The ECB is still keeping control of things. This was the general message from Christine Lagarde at her press conference on Thursday 12 December. As expected, the ECB cut its key rates by 25 basis points for the fourth time since monetary easing began in June, taking the refinancing rate down to 3.5% and the deposit facility rate down to 3.0%. Inflation forecasts have been lowered slightly[1], with the forecast brought down to 2.1% for headline inflation and 2.3% for core inflation, before the two measures converge at 1.9% in 2026.
Less restrictive. By removing the reference to keeping rates "sufficiently restrictive for as long as necessary" from its announcement, the ECB is adopting an openly more accommodative tone, but it is not letting its guard down, in view of the pockets of stubbornly high inflation in services, which should gradually disappear in 2025. Unsurprisingly, the ECB’s new projections reflect downward revisions to growth in 2025 (1.1%, compared to 1.3% forecast in September) and 2026 (1.4%, compared to 1.5% previously), which, however, do not pose a risk to the scenario of activity strengthening slightly compared to 2024. These figures are higher than our own forecasts of limited and stable 1.0% annual average growth in 2025-2026. Unlike our estimates, the ECB does not include any effects of the anticipated US protectionist measures on trade (as noted by Christine Lagarde during the Q&A).
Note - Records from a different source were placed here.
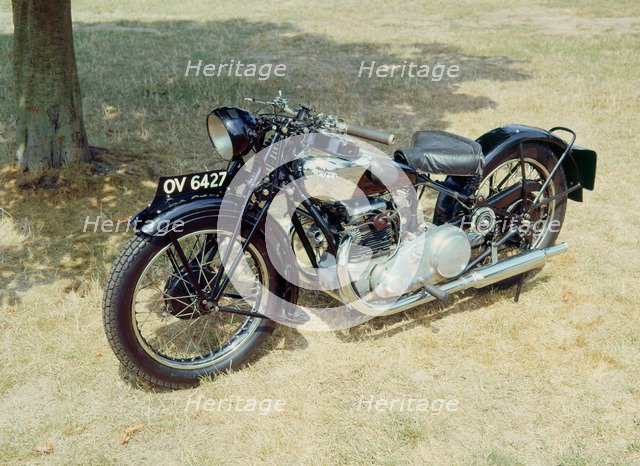 1931 Ariel Square Four 497cc motorcycle. Artist: Unknown.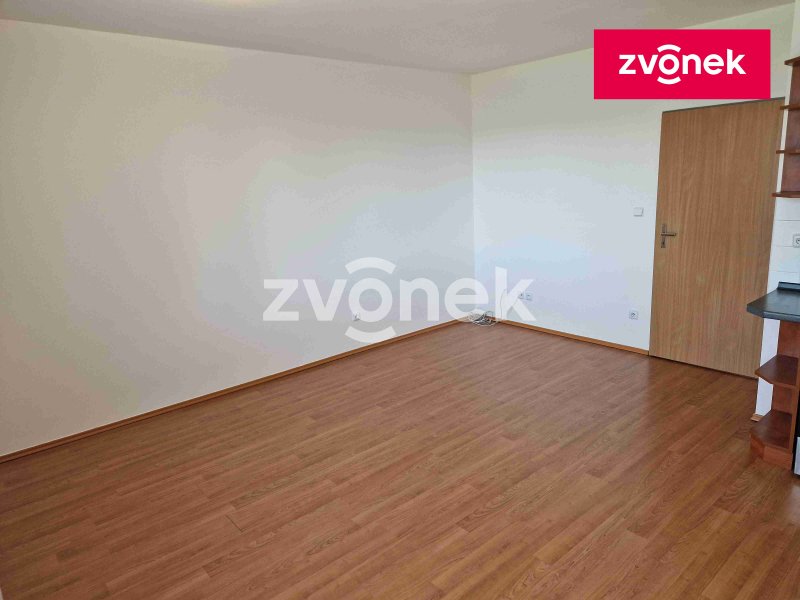 Pronájem bytu 1+kk ve Zlíně na Podlesí V.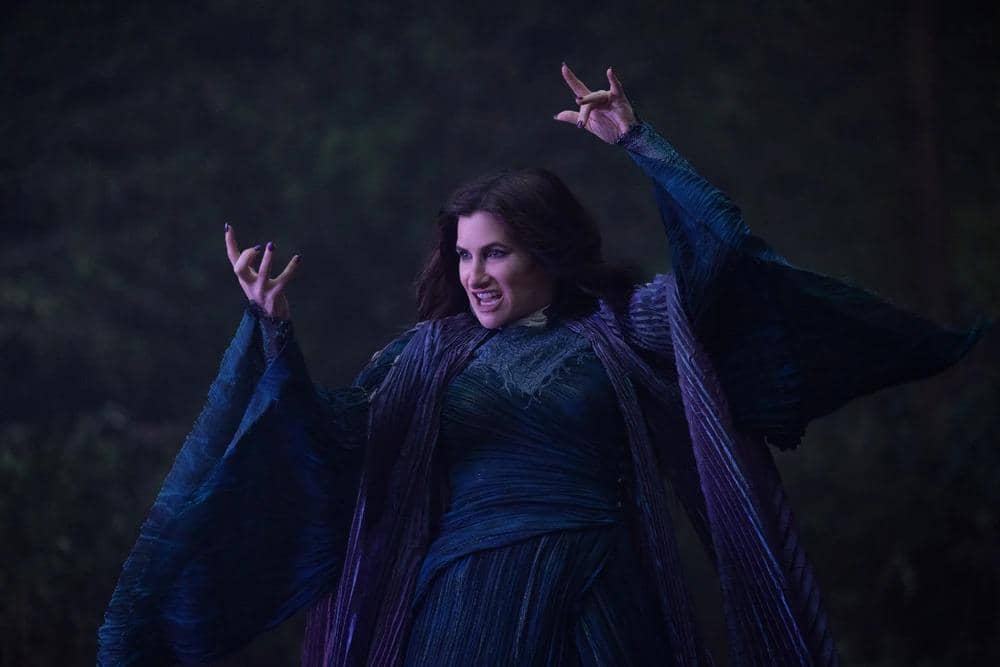 Agatha Harkness, karakter penyihir dari serial Marvel Television Agatha All Along, dalam potret promosi.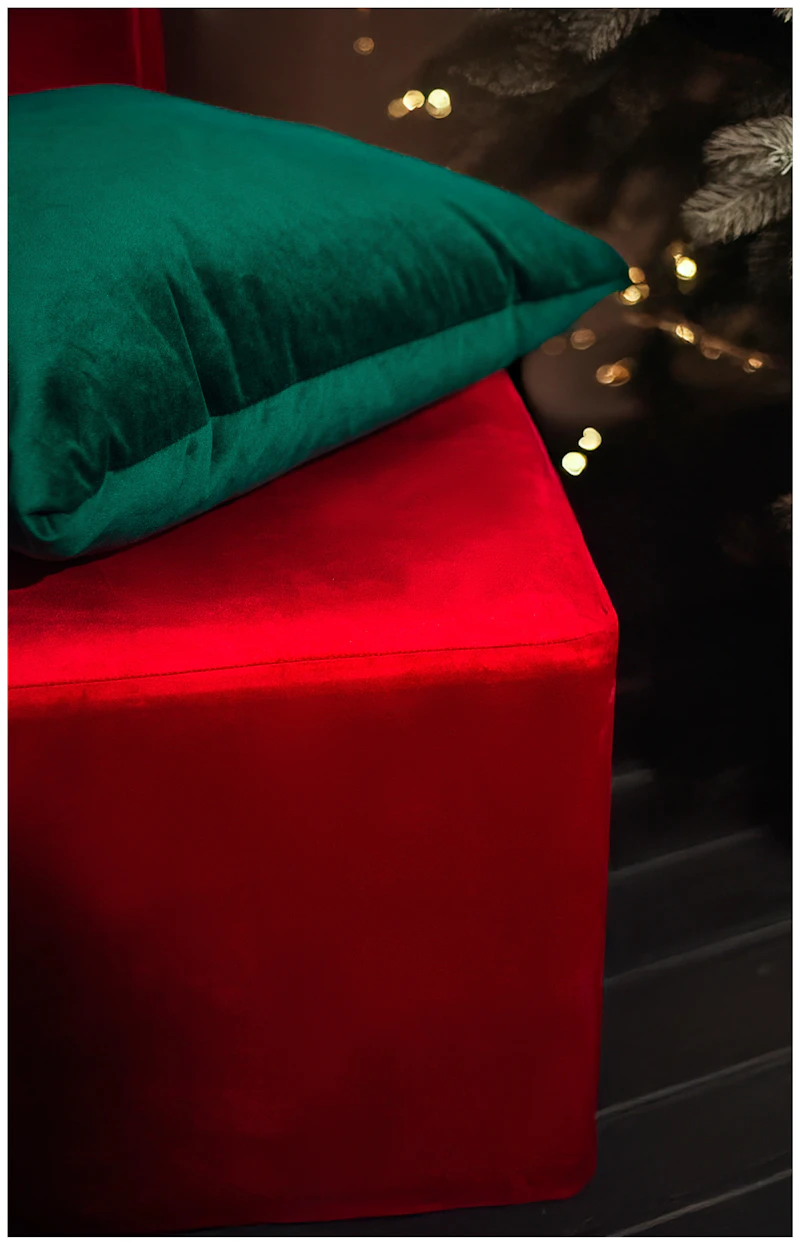 Пуф квадратный Точка, велюр, Малиново-красный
Control, but no proactive measures. The ECB continues to prefer a gradual approach to its monetary easing, which contrasts with the decisions taken this week by the Bank of Canada and the Swiss National Bank, which both decided to make cuts of 50 basis points to their key rates, bringing them down to 3.25% and 0.5%, respectively. During its first cut in September, the Fed also went for a big cut of 50 basis points. Interest rates are returning to neutral deliberately more quickly in Canada and Switzerland than in the eurozone, because, in Switzerland in particular, inflation has already fallen significantly below the 2% target.
This gradualist approach embraced by the ECB gives it room for manoeuvre should there be a more significant turnaround in the economic cycle.
Productivity to the rescue. The ECB is also relying on a bounce in productivity per employee in 2025-2026 (+0.8% and +0.9%), which may appear optimistic given the current trend and the uncertain investment trajectories in Europe. Investment, particularly investment under the European recovery fund, undoubtedly needs to be ramped up. It should also be increased in order to make Europe more appealing and in order to respond to rising protectionism and the risk of capital flow to countries with the highest growth potential (the United States first). If the trajectory of short-term disinflation is not threatened in particular, a recovery in productivity gains would also help to ease pressures on unit labour costs and, ultimately, inflation.
Four in 2024, four in 2025. The scenario of core inflation gradually coming down to the 2% target is still intact at this stage. Against this backdrop, we expect rate cuts of 25 bp at each upcoming monetary policy meeting, until the deposit facility rate stabilises at 2.0% in June 2025, which would be the midpoint of our neutral rate range.